__TASK TO CARRY OUT__: Return, word for word, the line that contains "H 11cm W 25cm D 4cm" and every line after it through the end of the records.

Image-caption web data
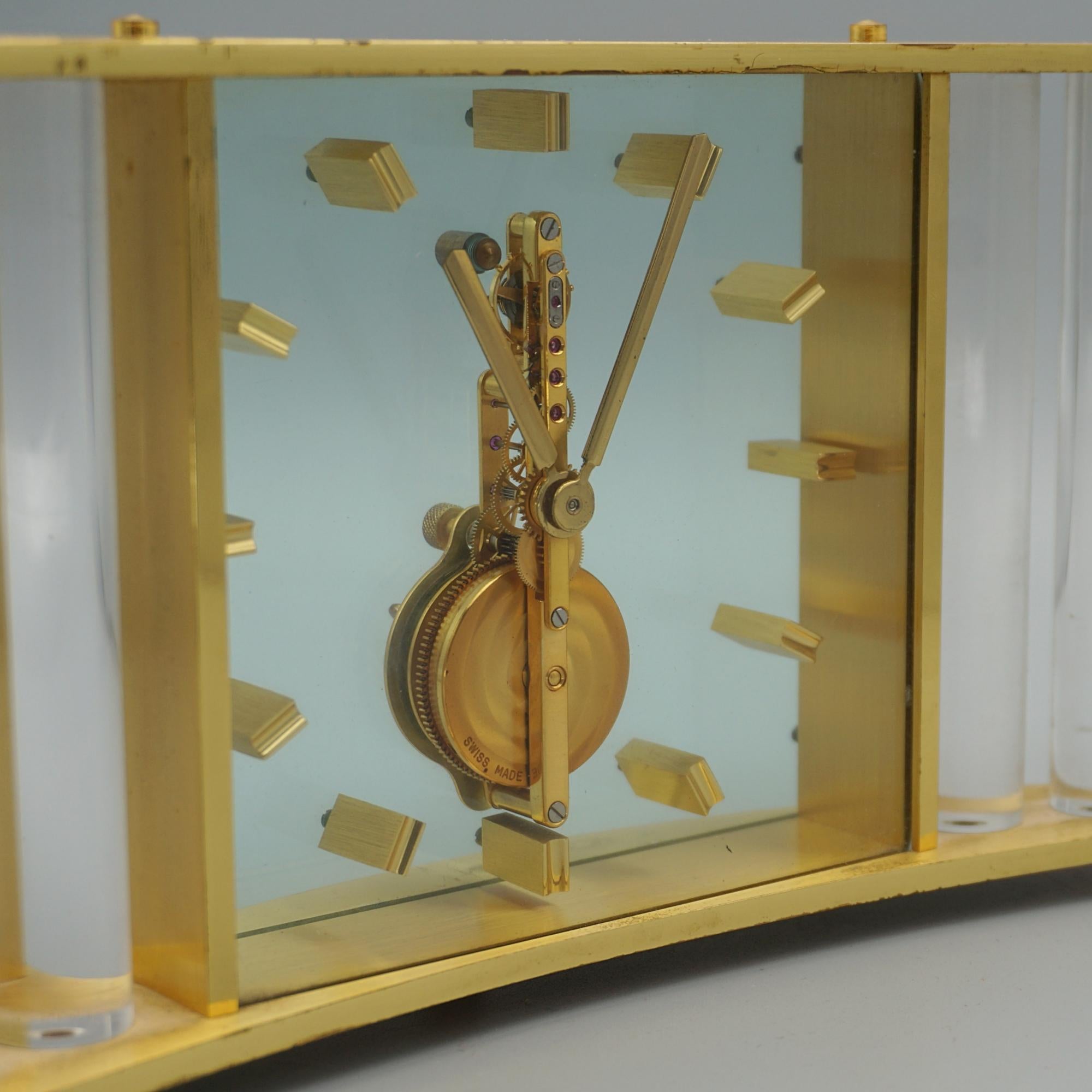 A Mid-Century mantle clock by Jaeger LeCoultre. Brass case with original glass rods and stylised roman numerals. Original 8 day movement, in full working order.

H 11cm W 25cm D 4cm

Origin: Swiss

Date: Circa 1960

Founded in 1833 by Antoine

__RESPONSE FOR THIS EXERCISE__:
H 11cm W 25cm D 4cm

Origin: Swiss

Date: Circa 1960

Founded in 1833 by Antoine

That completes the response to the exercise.